Assignment: Print every line of the listing below, starting with the line that holds "2016年度 岡山県公立高校入試（社会 第1期・正答）" and going on through the line that holds "IMPORTACION Y EXPORTACION", both included, and print nothing else.

Information supplied:
......

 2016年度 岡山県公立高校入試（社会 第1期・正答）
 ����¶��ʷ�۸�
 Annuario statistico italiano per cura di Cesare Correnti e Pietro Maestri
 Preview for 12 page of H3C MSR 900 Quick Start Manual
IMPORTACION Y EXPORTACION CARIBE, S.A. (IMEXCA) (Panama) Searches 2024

......

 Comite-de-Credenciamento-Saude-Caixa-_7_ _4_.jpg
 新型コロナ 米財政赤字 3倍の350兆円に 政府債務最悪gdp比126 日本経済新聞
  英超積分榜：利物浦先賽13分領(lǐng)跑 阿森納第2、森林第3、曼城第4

......

Worked solution:
 2016年度 岡山県公立高校入試（社会 第1期・正答）
 ����¶��ʷ�۸�
 Annuario statistico italiano per cura di Cesare Correnti e Pietro Maestri
 Preview for 12 page of H3C MSR 900 Quick Start Manual
IMPORTACION Y EXPORTACION CARIBE, S.A. (IMEXCA) (Panama) Searches 2024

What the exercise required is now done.